Officials say HCM City’s wholesale markets need storage facilities where they can store unhygienic foods that have been sent for testing. VNA/VNS Photo Vũ Sinh

HCM CITY (VNS) — A deputy chief of the HCM City Food Safety and Hygiene Division has called for setting up an independent food safety agency under the city administration with authority to investigate and heavily penalise violators.

Nguyễn Thị Huỳnh Mai, speaking on the sidelines of a forum titled “consumers and their health fears” in HCM City yesterday (March 31), told the media that food safety and hygiene is currently managed by three different departments -- health, agriculture and rural development, and industry and trade.

“There are shortcomings in the co-ordination between the three.”

Each agency has its own regulations, and they often overlap, but not the authority to punish offenders, she said.

“An independent agency will resolve these shortcomings. It is very important to have the authority to punish violators.”

The experience of countries like the US, Korea and Thailand should be studied to set up the independent agency, which in these countries manages the issue effectively, she said.

Facilities needed

Mai called for setting up laboratories with modern equipment in the city for quick testing of food.

She also said the city’s wholesale markets need storage facilities to keep unhygienic foods that have been sent for testing

Under existing regulations, authorities cannot seize foods until tests are complete, but by the time the results are available the dubious products are already sold, she explained.

“It is very difficult to seize foods.”

Authorities are also unable to regulate food sold at illegal markets to workers at industrial and export processing zones, she said.

Mai said the city saw the number of cases of food poisoning decrease from eight in 2011 to six last year, and the number of people affected from 850 to 268.

Nguyễn Hoàng Dũng, director of research and development at the city Institute for Economics and Management, said though relevant agencies have set up hotlines to receive public complaints, such complaints are not acted on.

This causes people to lose trust, and they would stop complaining about problems related to food safety and hygiene including fake products, he warned.

“The Government should treat [food-safety] violations as a crime because they can destroy health. Severe punishment should be imposed.”
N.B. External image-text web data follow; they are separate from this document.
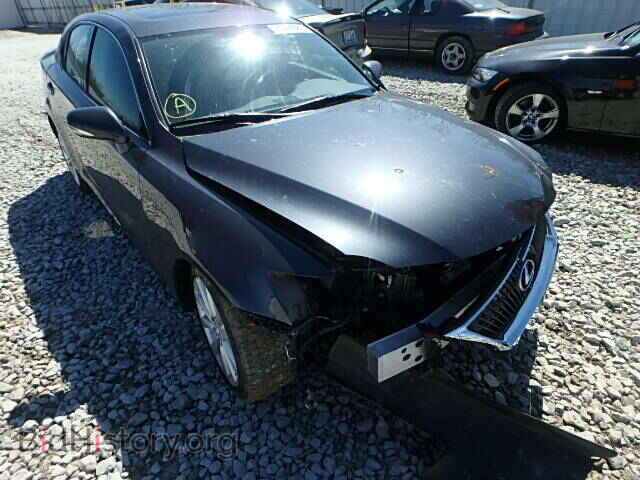 Photo JTHCK262695035796 - LEXUS IS250 2009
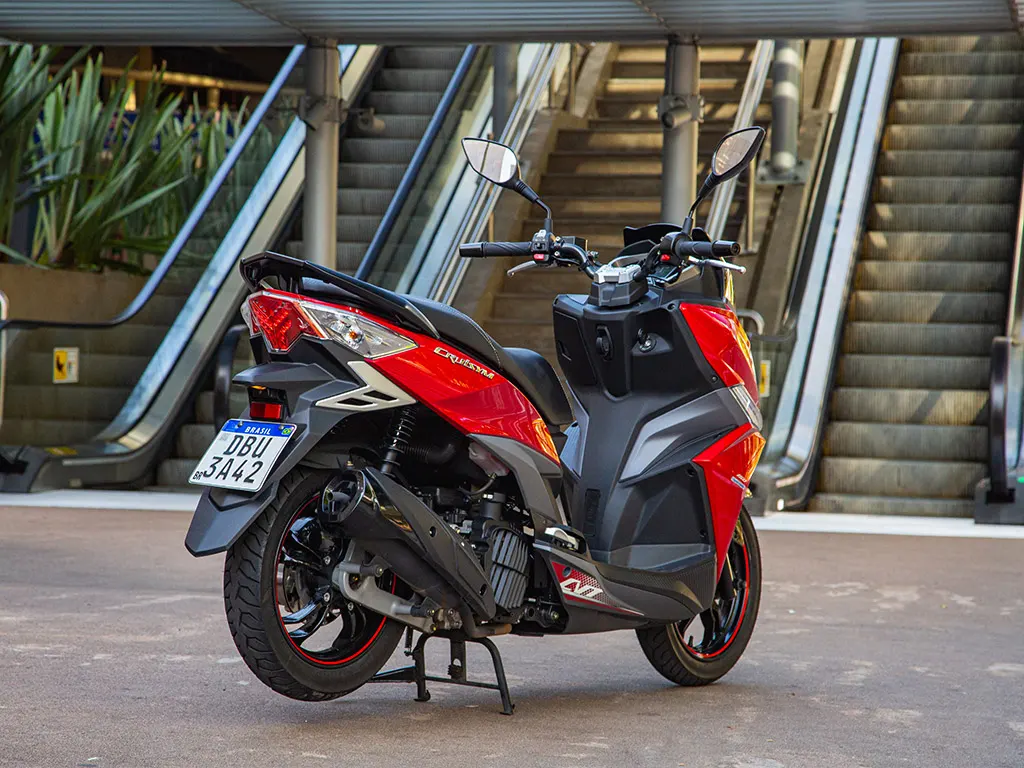 7 melhores motos para rodar na cidade e na estrada com potência - Blog da  BAMAQ Consórcios
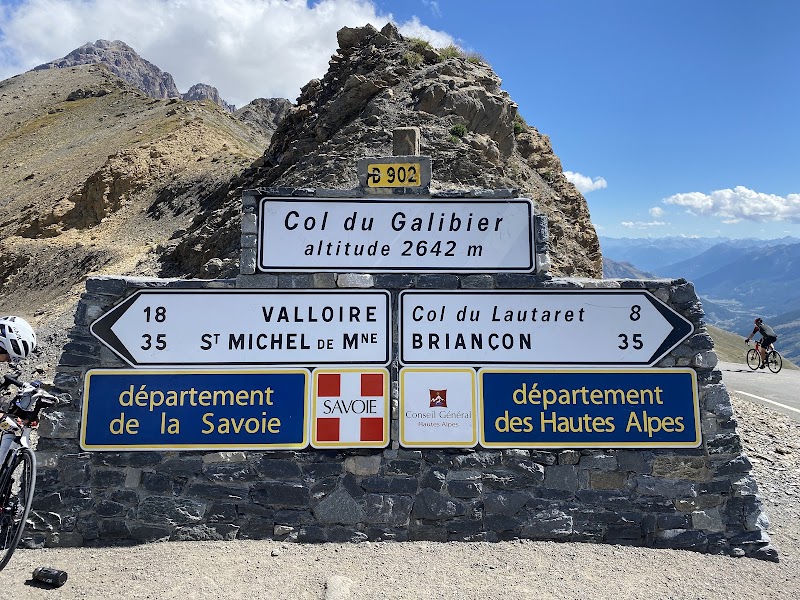 Col du Galibier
A representative of the city Consumer Association said though a law on protecting consumers’ rights has been enacted, there is no dedicated agency to enforce it.

Nguyễn Thành Danh, deputy head of the Bình Dương Province Market Management Department, said violators are mostly small producers like household-based establishments.

They do not know that the additives they put in food are banned, and they just continue with their parents’ practices, he said.